No sé si la vida sea mejor en otra parte.
Con toda seguridad que sí.
Sin haber vivido en ellos, sé que hay sitios en los que la gente sale a la calle sin miedo, ríe porque no le importa el futuro y el pasado es una cuenta saldada.
A mí me tocó vivir en un país de contrastes y superlativos. Tanto te sorprenden el horror como la ternura.
Y ahí vamos. Y aquí seguimos.
Yo no sé si sería más feliz en otra parte.
Es probable que sí. Es posible que no.
Lo que sí sé es que, en otra parte, sería incapaz de realizar este viaje consuetudinario donde me puedo mirar a mí mismo como (quiero creer) nunca he dejado de ser.
Puedo llamar a la puerta de mi mejor amigo y pedirle que vayamos a jugar al parque que nos vio crecer.
Puedo subirme a los mismos juegos y soñar con las mismas cosas porque él (gracias de veras, canijo) sigue viviendo en la misma casa.

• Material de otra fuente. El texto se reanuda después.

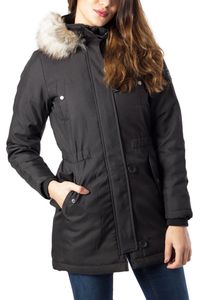 ONLY Damen Winter-Jacke OnlIris einfarbiger Parka Mantel Fellkapuze Winter, Farbe:Schwarz, Größe:XS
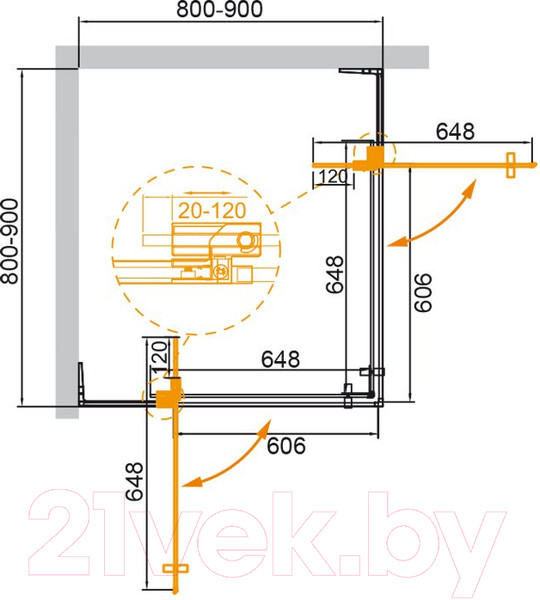 Изображение товара Душевой уголок Cezares SLIDER-A-2-80/90-GRIGIO-GM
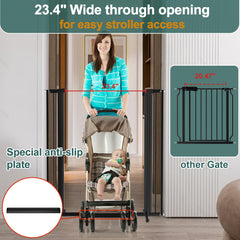 AiWMGL walk-through 23.4-inch wide opening for strollers and carriers.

Una manopla nueva. Una excursión a las cuevas. Un puñado de grillos.
Yo no sé si la felicidad esté en Georgia o Estambul.
Probablemente sí. Probablemente no.
Lo que sí sé es que, en este, mi viaje consuetudinario, puedo estar, aunque sea por fugaces minutos, en esa patria donde puedes salir a la calle sin miedo, reír porque no importa el futuro y el pasado es una cuenta saldada.
Eso, aunque sea por el ratito que dura una paleta en la boca, ya es la felicidad completa.
Y no, no existe en ninguna otra parte.